Please begin with the line containing "prAna Kimble Printed" and reproduce each line exactly until the records below end, without any pictures.

_____

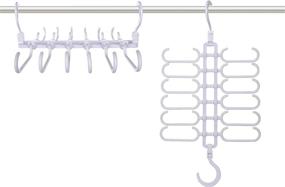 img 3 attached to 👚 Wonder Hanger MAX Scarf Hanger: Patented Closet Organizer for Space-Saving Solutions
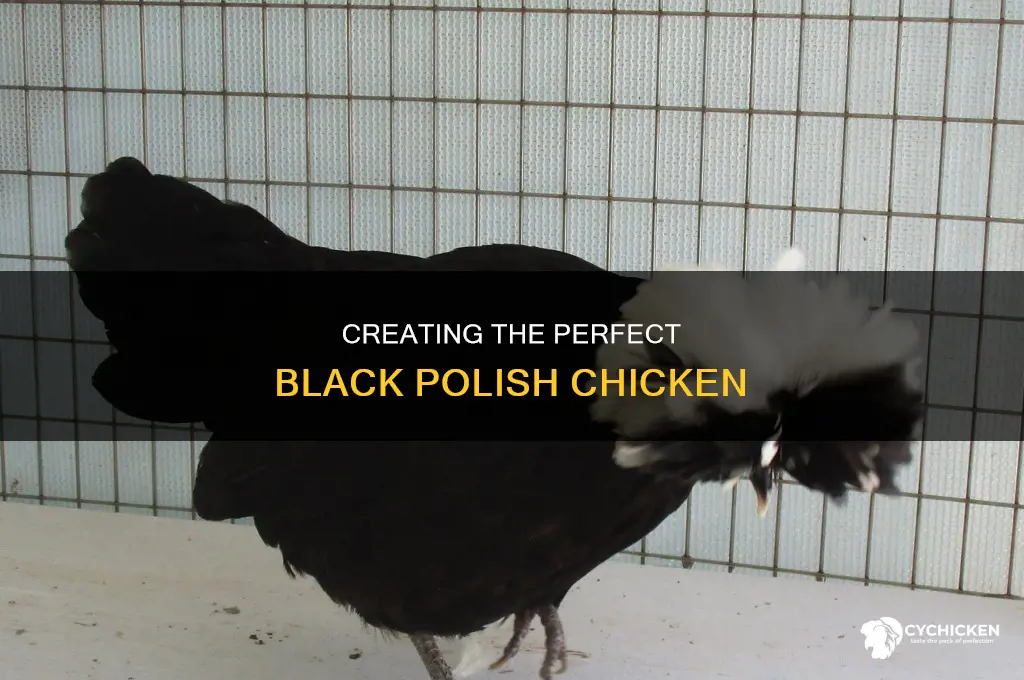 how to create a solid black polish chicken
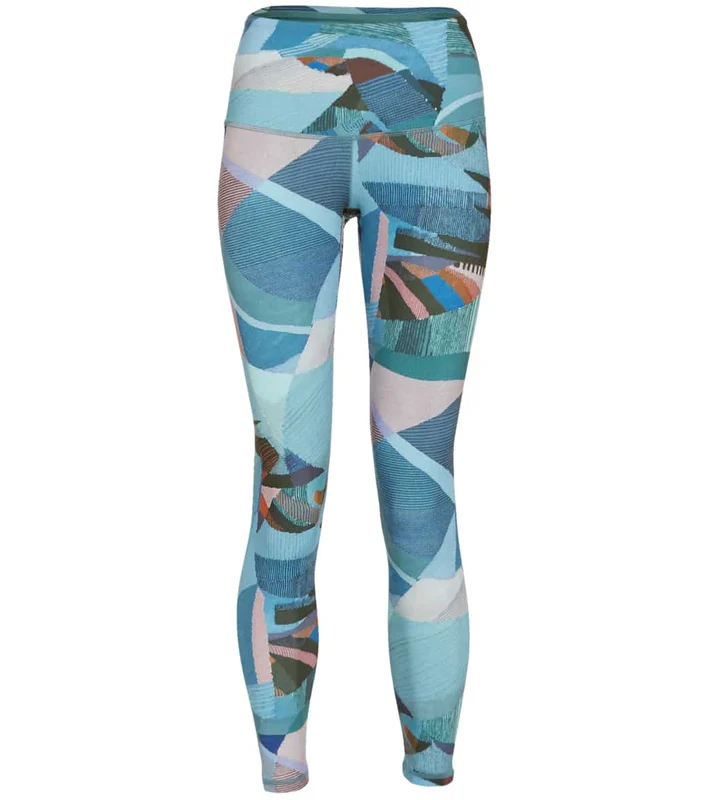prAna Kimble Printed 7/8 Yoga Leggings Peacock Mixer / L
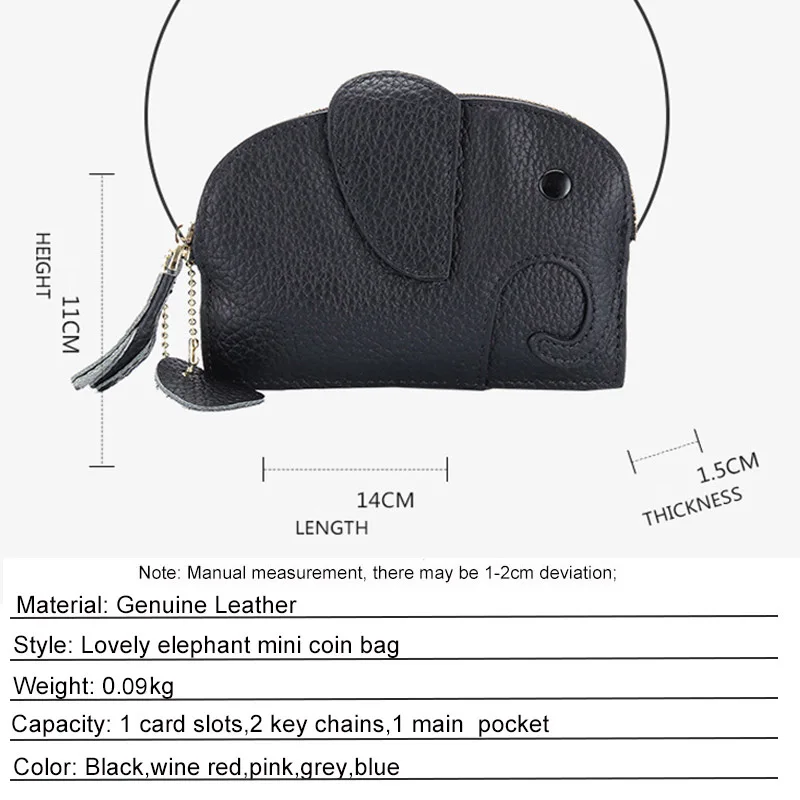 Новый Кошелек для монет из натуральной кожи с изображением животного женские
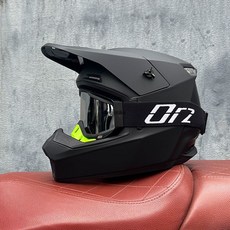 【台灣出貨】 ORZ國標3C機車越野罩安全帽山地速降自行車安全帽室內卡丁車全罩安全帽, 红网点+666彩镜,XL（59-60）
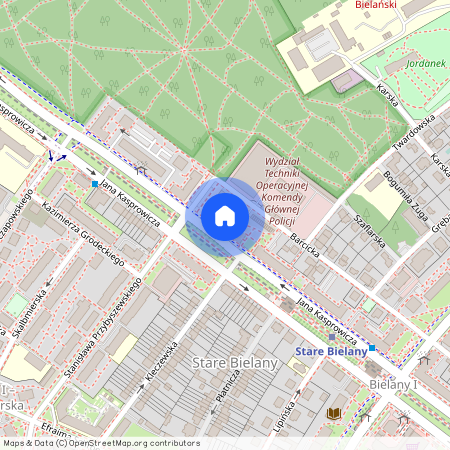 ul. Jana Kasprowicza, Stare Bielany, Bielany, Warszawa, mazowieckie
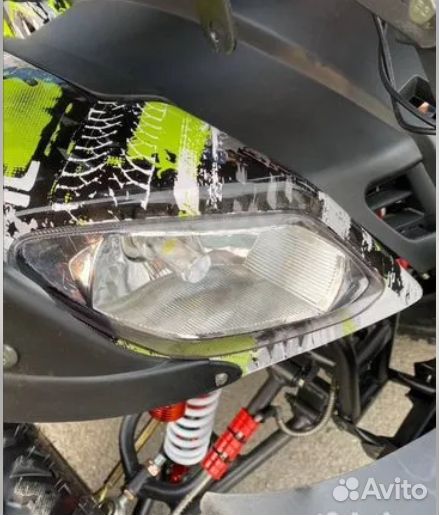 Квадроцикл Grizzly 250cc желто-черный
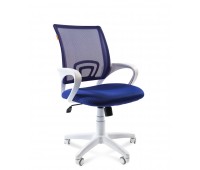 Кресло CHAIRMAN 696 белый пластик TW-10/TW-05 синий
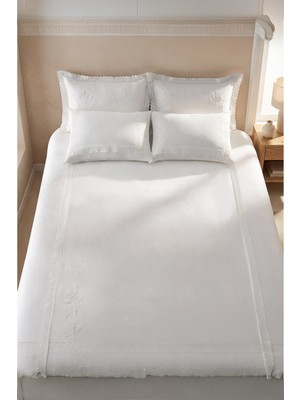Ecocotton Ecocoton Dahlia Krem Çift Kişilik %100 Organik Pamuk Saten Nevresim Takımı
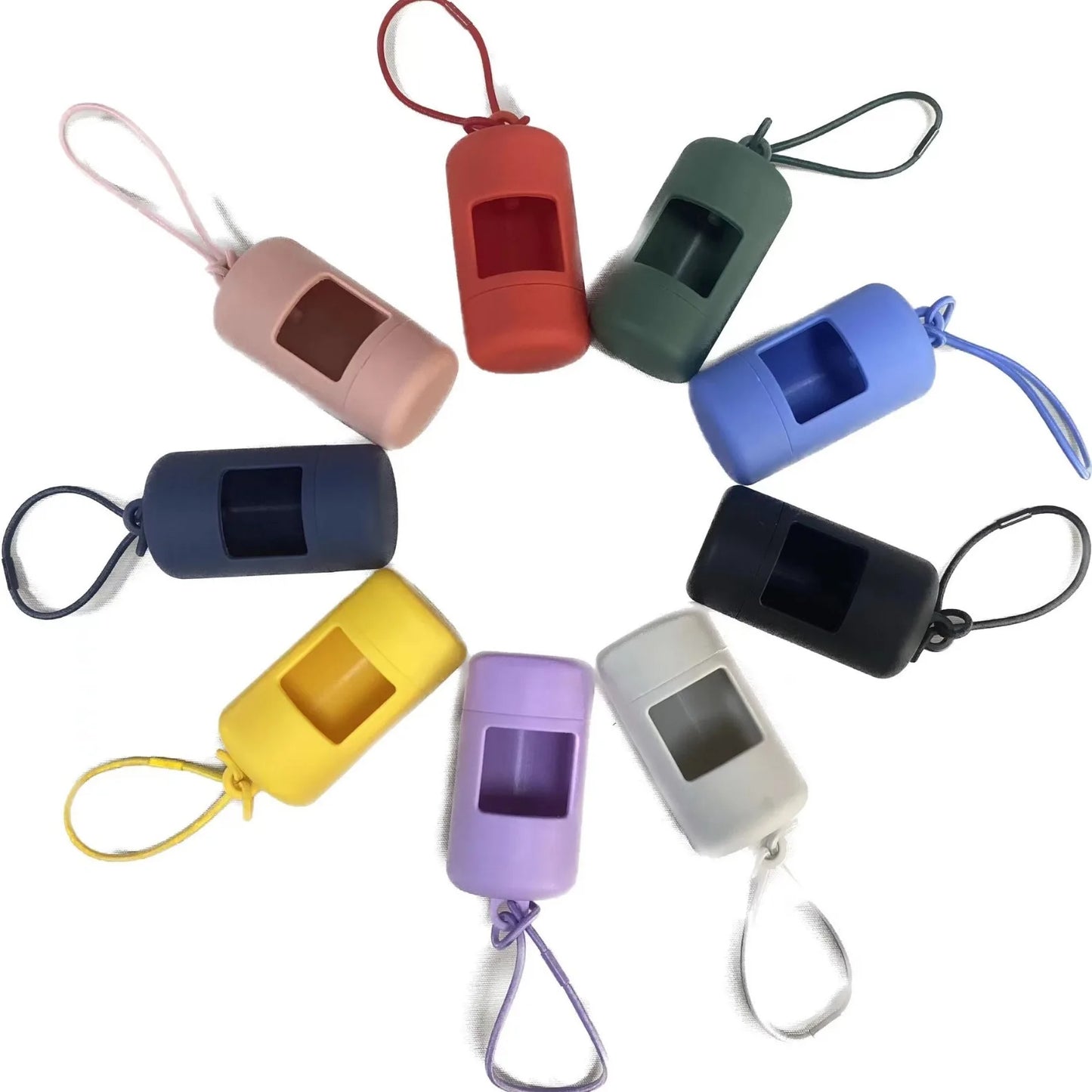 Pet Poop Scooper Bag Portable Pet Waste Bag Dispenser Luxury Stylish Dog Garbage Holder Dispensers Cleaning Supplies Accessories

_____

- ANSWER AREA -
prAna Kimble Printed 7/8 Yoga Leggings Peacock Mixer / L
 Новый Кошелек для монет из натуральной кожи с изображением животного женские
 【台灣出貨】 ORZ國標3C機車越野罩安全帽山地速降自行車安全帽室內卡丁車全罩安全帽, 红网点+666彩镜,XL（59-60）
 ul. Jana Kasprowicza, Stare Bielany, Bielany, Warszawa, mazowieckie
 Квадроцикл Grizzly 250cc желто-черный
 Кресло CHAIRMAN 696 белый пластик TW-10/TW-05 синий
Ecocotton Ecocoton Dahlia Krem Çift Kişilik %100 Organik Pamuk Saten Nevresim Takımı
 Pet Poop Scooper Bag Portable Pet Waste Bag Dispenser Luxury Stylish Dog Garbage Holder Dispensers Cleaning Supplies Accessories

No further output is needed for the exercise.